Documentation: Line Sequencer with Pointer Networks

Finally, the dominoes line sequencer task. This task is the reason I began using pointer networks to begin with. The dominoes line sequencer task is a complicated version of the traveling salesman problem. The task goes as follows. An agent receives a set of dominoes and has to play the longest possible sequence of dominoes it can following the (somewhat complicated) rules of which dominoes are permitted to follow each other.

The Task

As I explained in the toy problem, a full dominoe set is the every possible combination with replacement of two values from 0 to a number, defined as the highest dominoe. Typically, the highest dominoe value is 9 or 12, but for an example I'll use highestDominoe=4. Below is a representation of 6 dominoes from the set, including both their values and the way dominoes are represented to the network (see the toy problem for more explanation). Note: unlike the toy problem, in this task (0 | 1) is the same dominoes as (1 | 0), so each dominoe can only be represented in one direction.

(0 | 0)

(0 | 1)

(0 | 2)

(0 | 3)

(2 | 1)

(0 | 4)

At the beginning, the agent receives a contextual input telling it what value is currently "available". Suppose for the above hand, the "available" number is 3. Then, the following is a possible sequence:

From 3: (3 | 0) - (0 | 0) - (0 | 1) - (1 | 2) - (2 | 0) - (0 | 4)

Great! For that hand, if an agent plays the dominoes in the optimal order, it can play all the domiones. That's the goal. Suppose the agent played:

From 3: (3 | 0) - (0 | 4) ... after playing (0 | 4), the value 4 is "available", but since no other dominoe has a 4 on it, then the agent can't keep playing so is stuck with the remaining dominoes in its hand.
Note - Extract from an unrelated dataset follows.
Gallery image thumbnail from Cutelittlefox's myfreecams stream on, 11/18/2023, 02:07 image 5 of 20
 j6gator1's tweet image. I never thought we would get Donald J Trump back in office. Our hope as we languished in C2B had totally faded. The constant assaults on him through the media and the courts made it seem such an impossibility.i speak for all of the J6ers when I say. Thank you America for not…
In addition to the dominoes, the agent also receives a "null token" it can play to indicate that there are no more valid moves. For example, the agent should play the null token after the (0 | 4) in both examples above.

Comparison to the Traveling Salesman Problem

This task has some similarities to the traveling salesman problem in the sense that the agent has to find a path through the dominoes. However, there are a few differences that make it a bit more complicated.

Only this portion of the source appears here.